Fotografia: Pedro Nunes/Lusa@Expresso

Eram 04:30h, mais coisa, menos coisa, e vários canais continuavam a transmitir imagens do incêndio que lavrava na Serra de Sintra. Havia câmaras entre mangueiras, coadjuvadas por jornalistas esbaforidos, e relatos emocionantes sobre a proveniência dos meios de combate. Porque a exploração mediática do negócio dos incêndios não tem limites. É showbiz.
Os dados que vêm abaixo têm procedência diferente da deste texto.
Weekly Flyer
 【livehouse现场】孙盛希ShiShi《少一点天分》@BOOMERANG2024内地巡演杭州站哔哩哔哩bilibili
Preocupações com a estrema-direita

Le Pen, Áustria, Bolsonaro, só para enumerar três. Muitas preocupações, justas, com que se tem passado e com o que pode vir a acontecer. Mas observo amiúde que há muitos olhos que se fecham perante o que se passa na América. A extrema-direita está no poder numa das nações mais importantes do mundo. Trump é o fascista, ou lá o que lhe queiram chamar, que chegou ao poder. Fica a lembrança, para que não se vista a cara de estadista preocupado num lado e se faça de conta que nada se passa no outro.

Próxima revolução no SNS: a auto-cirurgia

O Serviço Nacional de Saúde não tem capacidade para estancar as mortes por infecção contraída no Hospital. São milhares por ano. É, de facto, mais avisado, deixá-los em casa. Improvisa-se um bloco operatório na cozinha e uma unidade de cuidados intensivos numa janela do oitavo andar. O resto fica para as funerárias americanas. Afinal, trata-se de carne para canhão. Viva a república.